Happy winter riding! And don't let anyone discourage you from riding in the cold. It can be an awesome way to make the best of winter, and hey, there are no bugs!


----------



## Foxhunter (Feb 5, 2012)

Warmer than merino wool is alpaca, I have a couple of sweaters and they are generally to toasty for me.


----------



## PoptartShop (Jul 25, 2010)

I just layer up & I'm fine. Double up on socks, wear thermals underneath, heavy jacket, gloves, etc.

A scarf can help with your face/neck or just use a face mask. I haven't used either of them when I ride, but they do work. Ear warmers are good too.


----------



## COWCHICK77 (Jun 21, 2010)

Yesterday it was -10F with the wind when I started about daylight. 
I prefer anything wool or silk for an under layer. Wool sweater. Wool socks, wool gloves. Silk scarf. I dont wear a helmet so a wool scotch cap with ear flaps.
I usually despise Carhartt clothing but yesterday I wore an older Carhartt coat that was my FIL because it was big enough it wouldn't be tight.
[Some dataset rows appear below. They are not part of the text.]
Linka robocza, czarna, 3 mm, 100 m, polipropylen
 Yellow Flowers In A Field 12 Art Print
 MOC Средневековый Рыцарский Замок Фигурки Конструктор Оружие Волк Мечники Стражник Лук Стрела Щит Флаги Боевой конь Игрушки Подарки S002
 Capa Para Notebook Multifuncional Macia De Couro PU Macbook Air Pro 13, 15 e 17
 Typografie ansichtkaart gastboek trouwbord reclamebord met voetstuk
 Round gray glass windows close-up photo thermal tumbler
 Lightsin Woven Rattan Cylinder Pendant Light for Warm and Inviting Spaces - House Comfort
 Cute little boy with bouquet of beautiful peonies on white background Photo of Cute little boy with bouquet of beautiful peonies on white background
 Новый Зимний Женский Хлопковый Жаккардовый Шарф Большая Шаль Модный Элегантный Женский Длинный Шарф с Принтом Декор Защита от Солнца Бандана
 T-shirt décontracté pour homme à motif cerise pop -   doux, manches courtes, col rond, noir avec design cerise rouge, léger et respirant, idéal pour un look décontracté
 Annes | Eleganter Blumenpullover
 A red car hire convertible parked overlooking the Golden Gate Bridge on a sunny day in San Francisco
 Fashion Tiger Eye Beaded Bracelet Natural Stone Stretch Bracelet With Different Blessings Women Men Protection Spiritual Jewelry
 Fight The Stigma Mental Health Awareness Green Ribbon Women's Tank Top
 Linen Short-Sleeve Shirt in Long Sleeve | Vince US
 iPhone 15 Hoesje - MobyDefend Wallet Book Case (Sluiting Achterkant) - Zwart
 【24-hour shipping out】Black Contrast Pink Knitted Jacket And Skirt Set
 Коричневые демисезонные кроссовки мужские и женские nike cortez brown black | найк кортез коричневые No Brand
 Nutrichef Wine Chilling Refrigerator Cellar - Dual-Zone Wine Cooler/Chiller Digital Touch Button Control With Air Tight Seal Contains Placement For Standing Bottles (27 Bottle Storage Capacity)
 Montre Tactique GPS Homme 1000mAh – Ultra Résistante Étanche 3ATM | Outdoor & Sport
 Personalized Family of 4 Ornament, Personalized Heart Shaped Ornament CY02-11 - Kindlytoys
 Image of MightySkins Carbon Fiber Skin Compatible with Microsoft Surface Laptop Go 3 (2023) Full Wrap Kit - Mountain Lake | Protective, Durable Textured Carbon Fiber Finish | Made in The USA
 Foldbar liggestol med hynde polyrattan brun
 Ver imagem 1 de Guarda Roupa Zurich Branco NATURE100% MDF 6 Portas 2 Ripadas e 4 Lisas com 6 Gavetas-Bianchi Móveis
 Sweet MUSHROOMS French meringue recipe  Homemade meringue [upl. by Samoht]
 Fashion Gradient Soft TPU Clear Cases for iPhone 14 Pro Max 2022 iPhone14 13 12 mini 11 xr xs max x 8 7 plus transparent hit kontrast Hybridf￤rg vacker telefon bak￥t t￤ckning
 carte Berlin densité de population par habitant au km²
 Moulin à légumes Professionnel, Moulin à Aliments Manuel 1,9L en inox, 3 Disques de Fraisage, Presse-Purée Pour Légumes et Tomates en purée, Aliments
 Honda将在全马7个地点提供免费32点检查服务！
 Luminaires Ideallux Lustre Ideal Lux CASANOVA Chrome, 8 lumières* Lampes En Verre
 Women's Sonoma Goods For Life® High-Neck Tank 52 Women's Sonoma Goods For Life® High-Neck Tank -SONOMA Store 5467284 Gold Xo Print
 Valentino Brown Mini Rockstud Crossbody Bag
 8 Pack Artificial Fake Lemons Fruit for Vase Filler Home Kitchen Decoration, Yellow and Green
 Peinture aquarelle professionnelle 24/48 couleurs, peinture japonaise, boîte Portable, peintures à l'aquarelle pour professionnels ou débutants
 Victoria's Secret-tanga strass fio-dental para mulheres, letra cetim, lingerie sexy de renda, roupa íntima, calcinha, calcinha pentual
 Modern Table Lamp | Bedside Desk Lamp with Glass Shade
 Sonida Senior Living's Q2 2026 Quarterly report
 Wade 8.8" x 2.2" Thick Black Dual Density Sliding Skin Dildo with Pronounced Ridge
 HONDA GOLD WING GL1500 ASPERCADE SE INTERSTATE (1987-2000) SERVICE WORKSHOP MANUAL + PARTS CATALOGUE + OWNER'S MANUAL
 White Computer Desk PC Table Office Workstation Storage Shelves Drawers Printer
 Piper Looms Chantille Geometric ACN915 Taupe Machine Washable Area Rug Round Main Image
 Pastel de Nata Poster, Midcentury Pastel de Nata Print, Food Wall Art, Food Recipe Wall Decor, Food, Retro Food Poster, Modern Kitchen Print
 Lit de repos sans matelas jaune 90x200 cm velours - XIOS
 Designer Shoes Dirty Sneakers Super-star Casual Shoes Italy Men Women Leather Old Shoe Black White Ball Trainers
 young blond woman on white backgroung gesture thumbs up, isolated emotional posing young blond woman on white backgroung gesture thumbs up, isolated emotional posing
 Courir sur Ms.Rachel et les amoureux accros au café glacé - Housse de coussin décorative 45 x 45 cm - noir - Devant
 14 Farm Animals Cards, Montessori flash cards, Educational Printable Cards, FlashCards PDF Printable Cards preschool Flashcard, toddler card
And it was surprisingly warm.
I wore jeans with shotgun chaps over them. 
I didnt wear cowboy boots but short Muck boots loose enough to get my foot out them if we slipped on the ice and got a foot hung in a stirrup. 
Nothing tight whether it be clothing or boots stays warm in that kind of cold.
I have tried some of the newer materials for cold whether but I always go back to wool and silk. And the good thing about wool is that for some reason you get wet it will stay warmer than cotton.


----------



## QueenofFrance08 (May 16, 2017)

Hello! Another Minnesotan here!

I don't get to ride much in winter due to work but I try to get out most Sundays if I can. We unfortunately live in a complete wind tunnel so that's usually what keeps me from riding, not cold. 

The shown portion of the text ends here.